Cuadernos de Ruedo ibérico
París, junio-julio 1965
número 1
páginas 75-79

Crónica

Ángel Olmo [José Luis Leal]
Trabajadores españoles en el extranjero

Una vez los cantos y las algaradas terminados, los españoles nos convertimos en seres mustios y solemnes. Nadie más serio que nosotros en el tren. Los franceses viajan de forma natural, ¡no faltaba más!; están en su país. Los españoles nos aventuramos en tierra extraña. Los altavoces suenan opacos al atardecer en las estaciones, los cambios de agujas conducen el tren matemáticamente hacia París. Los españoles, a la caída de la tarde, no tenemos ya ganas de hablar: son varios días de viaje. Miramos fijamente el tabique que hay delante o cambiamos de postura en el pasillo. De diez veces que tomamos el tren, nueve va lleno hasta los bordes.

Cuando llegamos ya es tarde. Las habitaciones están alquiladas, los buenos trabajos ocupados. Y la gente nos habla de otros tiempos –confidencialmente– en los que la vida era mucho más fácil; aquellos tiempos (dudan al decirlo) en que nosotros aún no habíamos llegado. Porque venimos a negarles. A amasarles el pan y recogerles la uva. Han tomado gusto al pan que cocemos y nuestra presencia parece recordarles el tiempo en que ellos amasaban.

Tras las manos vienen los brazos, el pecho, la cabeza, el cuerpo entero. Les miramos con los ojos muy abiertos mientras nos lanzan discursos en idiomas que no comprendemos. El intérprete dice que hablan de solidaridad y buenas costumbres. Estamos cansados. El intérprete habla de deberes y derechos. Antes de enviar a cada uno por su lado viene un cura y nos habla también.

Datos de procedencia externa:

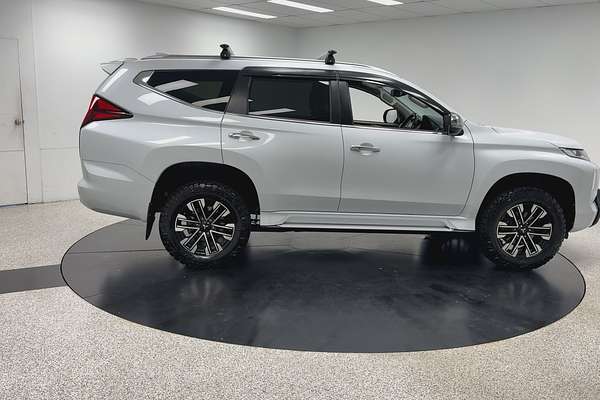 2020 Mitsubishi Pajero Sport GLS QF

Todos nos hablan en este primer día.

Parecen tener prisa por que el pan se amase y cueza.

El día cae –antes que en España– y somos los mismos de siempre.

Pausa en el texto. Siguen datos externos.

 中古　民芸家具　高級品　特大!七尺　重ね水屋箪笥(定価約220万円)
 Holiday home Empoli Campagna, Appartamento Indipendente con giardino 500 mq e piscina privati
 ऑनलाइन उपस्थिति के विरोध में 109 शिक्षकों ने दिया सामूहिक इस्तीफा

Dicen que cualquier hombre añora su país cuando está lejos. Para la gran mayoría de los españoles que trabajamos fuera de España es una gran verdad que se manifiesta de mil formas. En el extranjero cualquiera es compatriota de cualquiera. El gallego canta las excelencias de Andalucía y viceversa. Aquello, todo aquello, es España, la gente ríe, habla tu idioma, te comprende. Aquí, en el Norte, la gente es de otra manera. Mucho más cerrada. Van a lo suyo y listo.

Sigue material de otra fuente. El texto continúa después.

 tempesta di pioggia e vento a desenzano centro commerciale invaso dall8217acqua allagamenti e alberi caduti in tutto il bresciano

Durante el año, en las fábricas, en los bares, en las calles, los españoles hablamos [76] de nuestra tierra, nos acordamos de las piedras de nuestra calle, del tranvía, de la mies en las eras. Al principio con un cierto desencanto. «Allí no hay quien viva». Según va pasado el año nos acordamos más y más. «¿Qué estarán haciendo ahora los chavales?» Vamos a la cafetería –en estos países no hay tascas– y pedimos cerveza porque el vino es caro. Y bebemos una caña y luego otra, otra. Damos a veces un puñetazo en la mesa. Nos rodean gentes bien vestidas que ahora –ya se han acostumbrado– no vuelven la cabeza hacia nosotros. Viene la camarera. Alguien le dice siempre alguna cosa pensando que no entiende. Si se sonroja es que también es española. Nos disculpamos, se queda un momento de pie junto a la mesa oyendo la conversación. Hablamos de lo de siempre, de nuestra tierra. ¡Lástima que no podamos vivir allá!

Salimos a la calle. Mira, vamos algo mareados. Pues bueno, vamos al baile. A ver qué se saca en limpio. Es sábado por la tarde y los bailes están llenos. Por cada mujer hay quince, veinte hombres; siempre hay algún escándalo. Se hace más tarde aún. Volvemos a la barraca en un taxi que pagamos a medias. La última vez, ¿sabes? El Pedro se va a comprar un coche porque a él, que nació con el pie derecho, le pagan primas. ¡Pues mejor para él! Si ganáramos en España lo que aquí a buenas horas íbamos a salir.

Pasa más tiempo aún y ya no nos acordamos de que «allí no hay quien viva» Todo es bueno allá. ¿Cerveza?, dirás lo que quieras, pero a mí me gusta más aquélla. ¿Vino?, ni compararlo siquiera. ¿Que ganas menos? Pues sí, bueno, de acuerdo, ¿y qué? Estoy en mi tierra (aquí se da otra vez un golpe sobre la mesa y se dice un taco) y eso es lo que cuenta.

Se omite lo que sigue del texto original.